Two speeds of alert
Use fast-burn thresholds (for example 14x over 5 minutes) to catch sudden failures, and slow-burn thresholds (2–3x over 1–6 hours) to surface creeping risk before customers pile into support.
Route both to a small primary rotation plus a product sponsor so decisions balance customer impact and business tradeoffs. Make the alert tell them if you are already outside the error budget for the period.
Tie burn alerts to deployment freezes automatically when thresholds trip, and unlock only after mitigation or an explicit override.
Attach runbooks
Include clear rollback steps, feature flag toggles, and links to the dashboards that prove success. If the alert fires outside business hours, the instructions should be runnable by any on-call engineer.
Log burn causes and mitigations in a simple runbook entry for each incident. That history improves forecasting, budget planning, and whether the thresholds remain right for the system's current shape.
Keep the alert payload concise: which SLI is burning, how much budget is left, what changed recently, and when the next escalation happens.
Alert ingredients
- SLI and current/target burn rate with links to the graph
- Current budget left and projected exhaustion time
- Next escalation time and the channel/people it will page
Show context
Display burn rate on incident status pages so customers understand whether the issue is contained or still growing.
Pause deploys when burn exceeds a threshold until SLOs recover and health checks have stayed green for a defined window.

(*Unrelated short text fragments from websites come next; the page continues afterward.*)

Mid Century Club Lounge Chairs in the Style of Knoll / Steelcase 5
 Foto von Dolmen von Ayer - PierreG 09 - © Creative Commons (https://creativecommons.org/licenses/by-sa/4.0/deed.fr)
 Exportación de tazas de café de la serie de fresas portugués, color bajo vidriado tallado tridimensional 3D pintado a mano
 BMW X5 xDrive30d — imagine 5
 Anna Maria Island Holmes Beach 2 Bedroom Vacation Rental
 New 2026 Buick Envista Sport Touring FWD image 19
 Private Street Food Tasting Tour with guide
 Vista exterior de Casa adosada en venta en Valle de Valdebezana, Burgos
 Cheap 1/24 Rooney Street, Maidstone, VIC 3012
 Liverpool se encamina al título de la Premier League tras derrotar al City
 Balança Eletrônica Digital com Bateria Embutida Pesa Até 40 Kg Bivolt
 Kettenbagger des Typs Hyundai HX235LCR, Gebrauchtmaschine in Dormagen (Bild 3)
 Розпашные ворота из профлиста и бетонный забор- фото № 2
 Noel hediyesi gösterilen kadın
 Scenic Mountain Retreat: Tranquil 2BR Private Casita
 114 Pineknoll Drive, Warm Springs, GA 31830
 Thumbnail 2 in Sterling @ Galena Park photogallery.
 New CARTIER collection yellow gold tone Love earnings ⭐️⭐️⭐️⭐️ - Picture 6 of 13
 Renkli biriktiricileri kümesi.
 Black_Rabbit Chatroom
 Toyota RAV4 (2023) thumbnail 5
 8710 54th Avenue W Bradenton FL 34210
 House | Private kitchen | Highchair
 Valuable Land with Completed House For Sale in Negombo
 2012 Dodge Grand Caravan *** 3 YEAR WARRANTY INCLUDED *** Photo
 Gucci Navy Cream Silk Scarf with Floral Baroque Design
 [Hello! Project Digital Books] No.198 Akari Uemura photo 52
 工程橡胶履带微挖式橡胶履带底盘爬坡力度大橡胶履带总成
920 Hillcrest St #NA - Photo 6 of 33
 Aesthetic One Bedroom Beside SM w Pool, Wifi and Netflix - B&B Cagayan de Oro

Review every burn alert weekly: did it fire for the right reason, was the response fast, and should thresholds be tuned?
Test and tune regularly
Replay past incidents or synthetically spike error rates in a lower environment to confirm burn alerts fire when expected.
Calibrate thresholds by product area; customer signup SLOs deserve faster burns than internal reporting dashboards. Document why each burn pair exists so newcomers trust them.